Aanandalakshmi Spinning Mills Ltd. reported a consolidated net loss of ₹328.06 Cr for 9M FY26, a sharp increase from ₹31.82 Cr YoY. Revenue from operations fell 39.3% YoY to ₹31.49 Cr in Q3 FY26. The company faces severe financial distress with negative reserves and accumulated losses, compounded by statutory auditors raising critical concerns over accounting practices and the company's ability to continue as a going concern.

📉 The Financial Deep Dive

The Numbers:
Aanandalakshmi Spinning Mills Ltd. has revealed a deeply troubling financial performance for the quarter and nine months ended December 31, 2025. For the third quarter (Q3 FY26), revenue from operations plummeted by 39.3% year-on-year (YoY) to ₹31.49 Cr. While total income saw a significant 45.6% YoY jump to ₹76.27 Cr, this was heavily inflated by ₹44.78 Cr in 'other income'. Profit before tax from continuing operations rose 105.9% YoY to ₹60.32 Cr, primarily driven by this other income. However, the company posted a consolidated net loss of ₹125.85 Cr for Q3 FY26, a dramatic deterioration from a ₹17.76 Cr loss in the prior year.
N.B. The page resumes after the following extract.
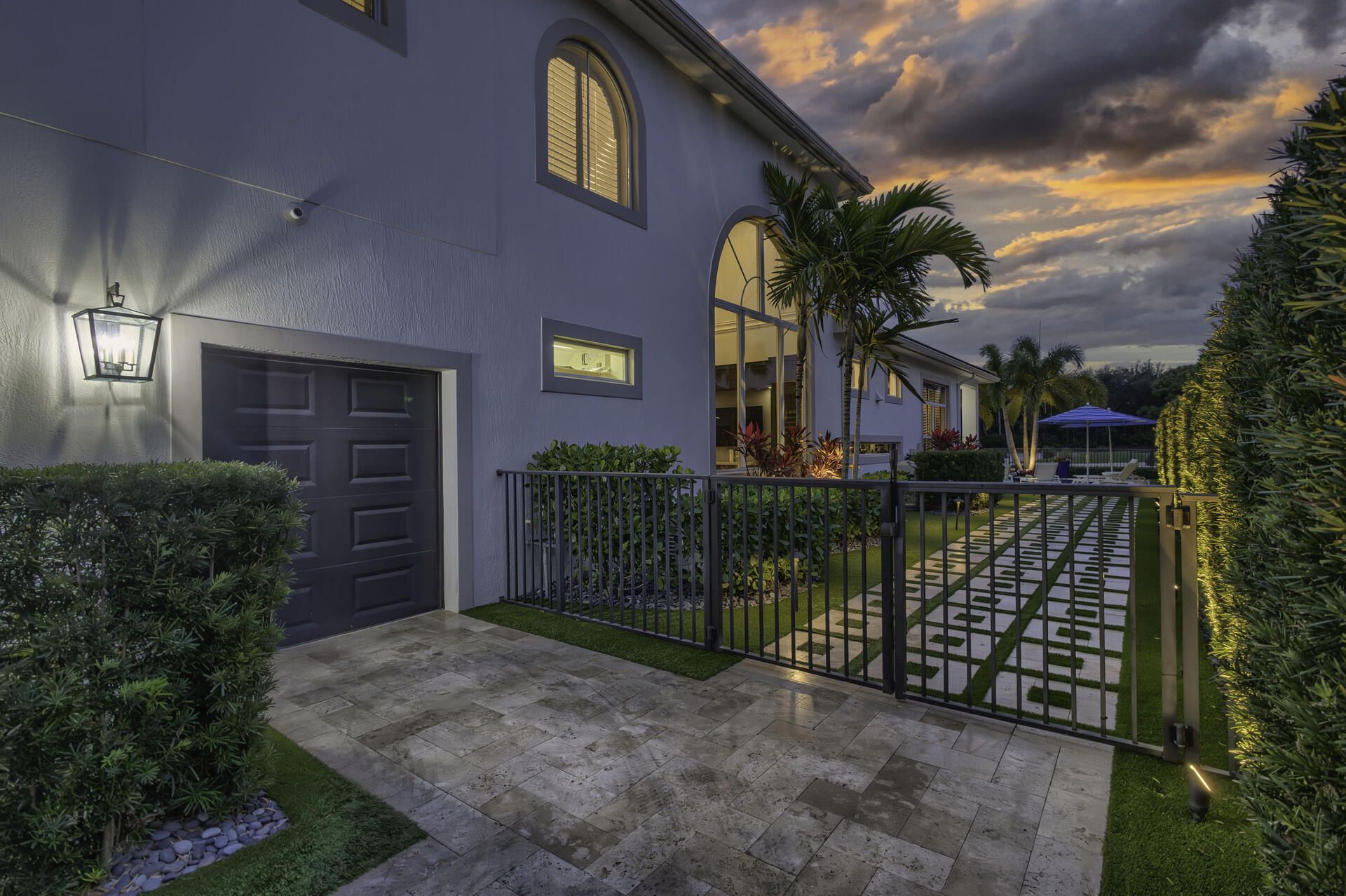 734 Cote Azur Drive, Palm Beach Gardens, FL 33410 Photo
The nine-month period (9M FY26) presents an even starker picture. Revenue from operations grew a mere 3.8% YoY to ₹139.17 Cr. Total income increased 37.1% YoY to ₹184.76 Cr, again boosted by non-operational income. Profit before tax from continuing operations was ₹120.63 Cr (up 80.2% YoY). The consolidated net loss for 9M FY26 surged to a staggering ₹328.06 Cr, compared to ₹31.82 Cr in 9M FY25. Compounding this, losses from discontinued operations ballooned to ₹448.69 Cr in Q3 FY26.

The Quality & Red Flags:
The company's financial health is severely compromised. Accumulated losses have reached ₹3,777.65 Cr as of December 31, 2025. Crucially, total reserves (excluding revaluation reserves) are reported as a negative ₹1,885.26 Cr, signifying a substantial erosion of net worth. The reliance on 'other income' for profits in continuing operations, while the core business suffers and discontinued operations incur massive losses, points to a precarious financial structure. Key financial ratios are either not calculable or indicate severe distress.
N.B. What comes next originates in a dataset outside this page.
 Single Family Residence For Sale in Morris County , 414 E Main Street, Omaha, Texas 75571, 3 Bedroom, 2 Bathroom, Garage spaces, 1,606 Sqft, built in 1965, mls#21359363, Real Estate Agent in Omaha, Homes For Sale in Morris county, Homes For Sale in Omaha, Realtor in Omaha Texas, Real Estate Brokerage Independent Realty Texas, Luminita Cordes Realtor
The Auditor's Scrutiny (The Grill):
The statutory auditor has raised significant qualifications, casting a shadow over the company's financial reporting and viability. Key concerns include:

  • Accounting Practices: The auditor noted that commission income is recognized upon realization rather than completion of service, deviating from accrual accounting principles. The impact of this deviation is unascertainable.
  • TDS Interest: No provision was made for interest on outstanding TDS dues amounting to ₹21.07 Lakhs.
  • Going Concern Assumption: The auditor explicitly raised concerns about the company's ability to continue as a going concern. This is substantiated by current liabilities exceeding current assets and substantial accumulated losses.

Exceptional items included a ₹363.88 Lakhs write-off of export duty credit and a provision for cross-subsidy payable.

🚩 Risks & Outlook

The outlook for Aanandalakshmi Spinning Mills is exceptionally bleak. The combination of massive accumulated losses, negative net worth, significant losses from discontinued operations (since September 2020), reliance on non-operational income, and the auditor's critical concerns regarding accounting practices and the going concern assumption creates a high-uncertainty environment. Investors face substantial risks, and the company's future viability is in serious doubt.